Nombre d’entreprises, notamment au sein d’Entreprises pour l’Environnement, ont choisi de s’adapter à la fois au climat d’aujourd’hui et à ses évolutions futures, afin d’être plus résilientes et performantes à l’avenir. On voit ainsi émerger de nouvelles pratiques de dimensionnement des infrastructures, d’analyse des risques, ou d’anticipation de marchés, dans une démarche d’apprentissage et d’amélioration continus. Certains bailleurs internationaux du secteur privé tels que l’International Finance Corporation analysent leurs investissements à long terme à travers le prisme de l’adaptation au changement climatique. La Banque européenne d’investissement est également engagée dans un processus similaire concernant l’attribution de financements.

EN CONCLUSION

Il est vraisemblable que les mesures d’adaptation seront prises au fur et à mesure que les événements climatiques et crises en montreront la nécessité au grand public, un peu trop tard donc. La question encore ouverte est celle de l’anticipation. Une infrastructure adaptée à des événements climatiques extrêmes peut être plus coûteuse : climatisée, éventuellement surdimensionnée pour résister à des tempêtes, localisée autrement… Si les collectivités n’intègrent pas l’adaptation dans leurs cahiers des charges, les propositions que les entreprises feront aux pouvoirs publics en ce sens seront-elles retenues, ou au contraire les acteurs attendront-ils qu’une crise survienne pour décider de changer les façons de construire de telles infrastructures ?
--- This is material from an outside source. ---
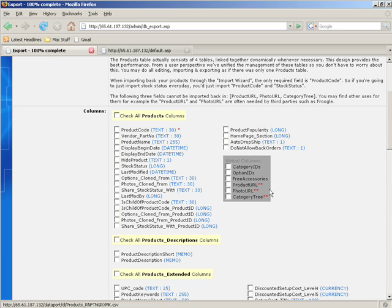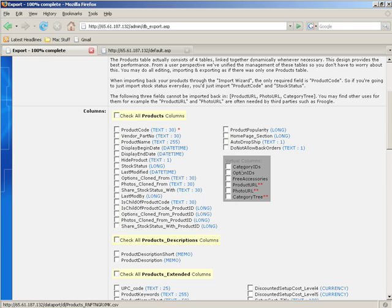You see here we have these virtual columns in gray. The ones that are starred don't actually exist. They are created on the fly for you and just stuck into the CSV or the file for you. You can't re-import this information back in. The ones that don't have stars, you can re-import back in and it will automatically put them in the correct places that they need to be put for you.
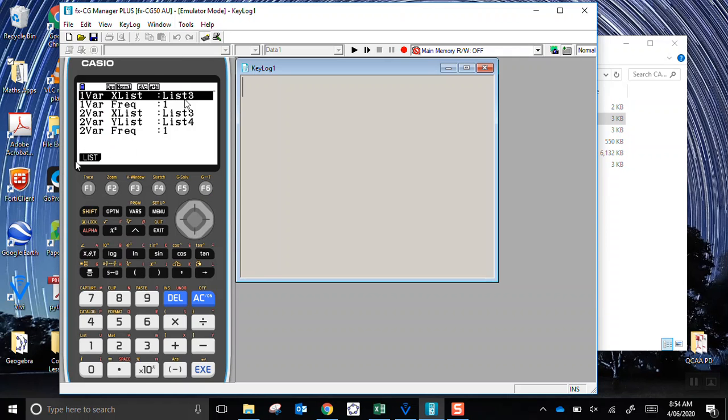List number 3 on mine is already set at the top for one variable. That's all we need. We just need to work with the numbers in list 3. If yours doesn't say list 3, change it to list 3.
La clé est bien dans le dialogue entre acteurs privés et publics, et avec la communauté scientifique. Le Plan National d’Adaptation au dérèglement climatique a pour principale fonction de déclencher ce dialogue à l’occasion de toutes les décisions de long terme des pouvoirs publics de façon à obtenir la société la mieux adaptée pour le moindre coût possible.

EXEMPLES D’ADAPTATION EN ENTREPRISES

VINCI se positionne comme acteur central pour créer ou renforcer les structures face aux événements climatiques majeurs, assurer leur durabilité et innover pour réaliser ces projets. D’importants travaux de recherche sont menés, tant en interne dans le groupe qu’avec ses partenaires scientifiques. Ces travaux portent sur l’adaptation des quartiers aux périodes de canicule, les îlots de chaleur urbains ou encore la résilience de la ville.

En ce qui concerne l’adaptation, VINCI est en capacité de proposer des bâtiments et quartiers présentant une empreinte environnementale faible et un confort thermique satisfaisant en été selon des scénarios d’évolution du climat. Ces scénarios, définis en accord avec les maîtres d’ouvrages, prennent en compte les évolutions probables dues au changement climatique. Ainsi, un projet dans le centre de la France a pu être conçu pour fournir un confort thermique l’été selon un fichier météo d’une année moyenne de 2050 selon les scénarios du GIEC.